I am very lucky that my building is running at ninety degrees to my prevailing which is from the south east (ocean) and some big winds from the north west  the half roof to vaults is 72'x32' for a total of 72'x64' of area to channel the air. It may not work but I wont know until I try. Thanks pepa. any comments wilcome and looked for.





you can see the shop ridge behind the first pole.

[spinningmagnets]

Dear Pepa, I have heard of engine-driven Tesla turbines being used as a pump for concrete because it allows lumpy fluid to flow in spite of its inefficiencies. Are you using a Tesla turbine because of salt-water corrosion in common-style impellor pumps?

To use it as an air-motor, as soon as any load is applied, efficiency will drop completely off the meter IMHO. A while back I wanted to learn whatever I could about turbochargers, they had to be spinning thousands of RPM's to do any work, and their impellors had many blades on the disc (as opposed to a smooth Tesla disc).

If an enthusiast had access to lots of free junk, and could store a large volume of air pressure from a wind-gen, then using an theoretically inefficient system to generate a couple of Watts couldn't hurt. I would still try a small salvaged 2-cylinder engine conversion as a PMA-motor if it was me.

Whatever you try, best of luck, sounds like fun!

[Bruce S]

Pepa;

 I see the pup dog is still guarding the cement pond :-)

Since I was last out there , I knew of what you were talking about, but since work demands more time, I see you've updated your post.

Glad to read that you decided to got with multiple tanks inline. I knew that as smooth as the Tesla type was turning on our last visit you would get this going.

Cheers

Bruce S

[Bruce S]

All ;-)

 If Pepa doesn't mind too much , let me see if I can help explain what he has built/ devised.

The motor is of the Tesla style.

His is built using 14 inch diameter carbide discs and is encased in wood.

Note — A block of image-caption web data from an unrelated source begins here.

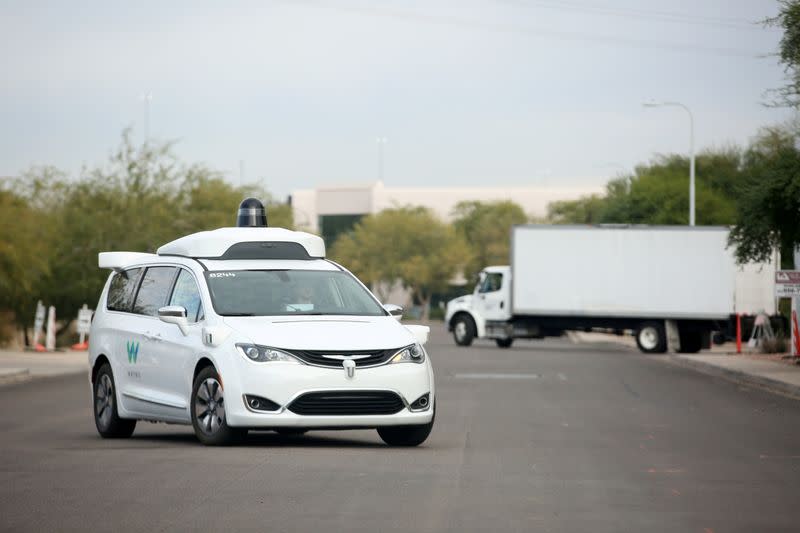 FILE PHOTO: A Waymo Chrysler Pacifica Hybrid self-driving vehicle returns to a depot in Chandler, Arizona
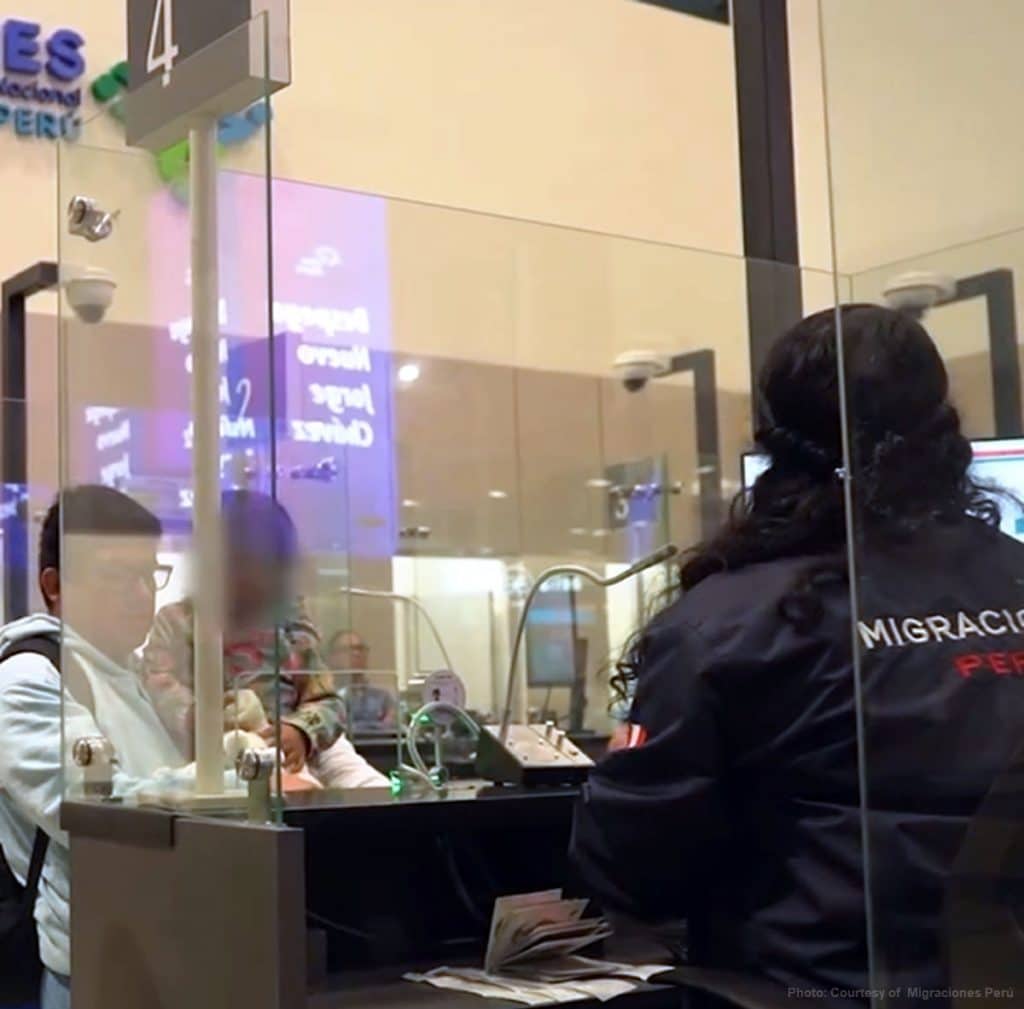Tourist passing through immigration with his child at Jorge Chavez International airport. 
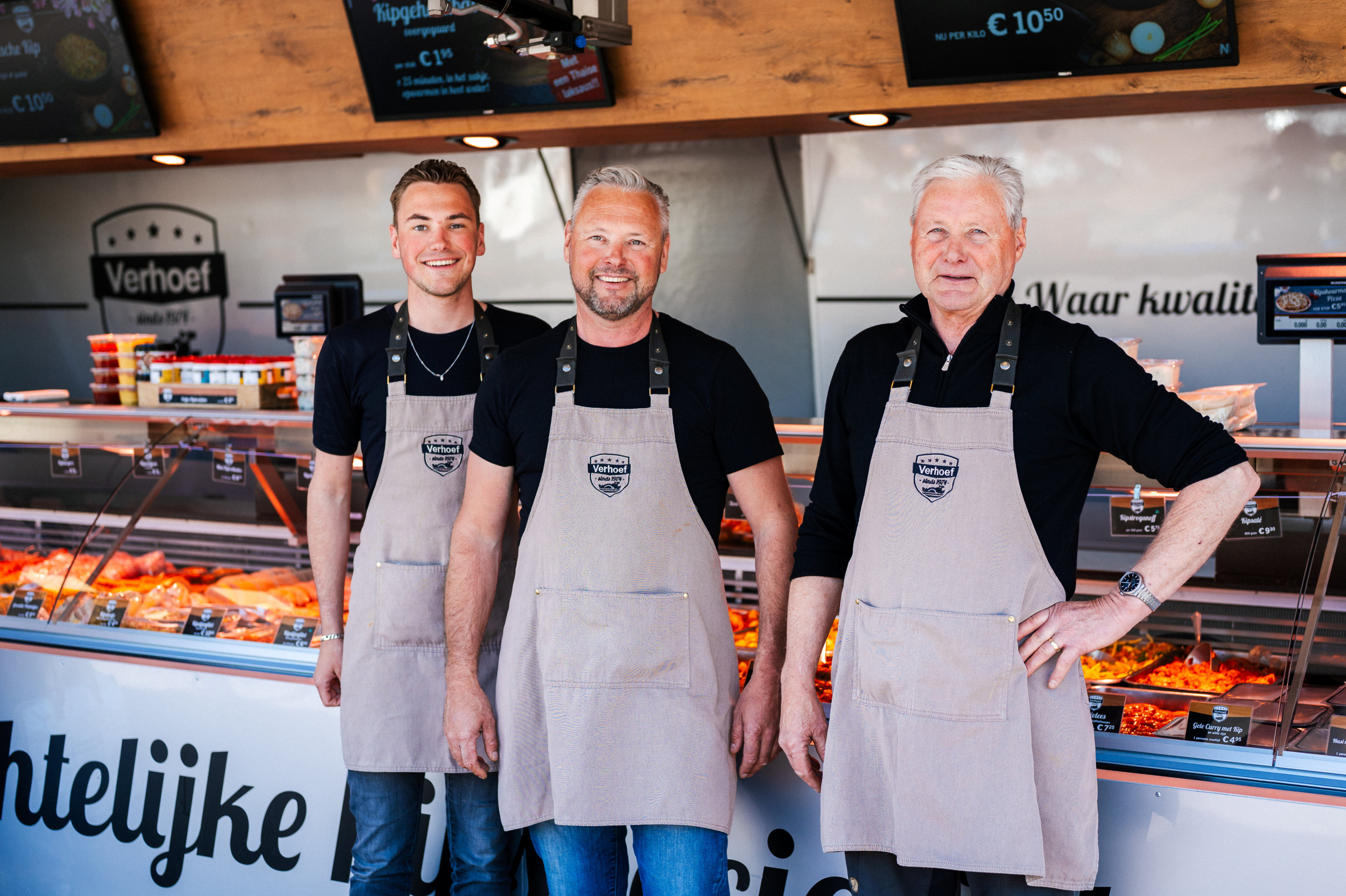 Drie generaties poeliers Verhoef staan voor de vitrine van hun polierswagen.  V.l.n.r.: Philip junior, Gert-Jan en Philip senior.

These are mounted on an ALL thread that is very well balanced, so much so a quick twist will have it turning several turns afterwards.

While on a way too short visit, he had at the time only one flywheel on it and a pulley on the other side.

I know, these quick twist and several turns, comments aren't easy numbers to put to paper, but...

During our visit, we talked about having the blades turn the shaft of the 2-piston compressor. The blades at the time were to be attached directly to the shaft ( this may have changed). The "load as it were" will be how much air the system can compress back into the system causing something similar to a fully charged battery to load a 'mill down.

The compressor will have the down-link air, coming to the tanks, these could be considered as his batteries, he has two of the large tanks and several smaller tanks to be used as air storage ALL setup with 140psi pop-off valves.

He had/has in place one-way valves that will let the incoming air into the tanks, the dump control will be pop-off valves rated at 140psi.

The Tesla motor has as air pressure regulator set at 70 psi with a nozzle directed to the 14" discs for it to turn this is used to turn the PMA ( I think, he was going to first try an Amtek) using either direct wheel to wheel or pulley to get it up to needed RPMs.

PEPA: Hope you don't mind me putting this in.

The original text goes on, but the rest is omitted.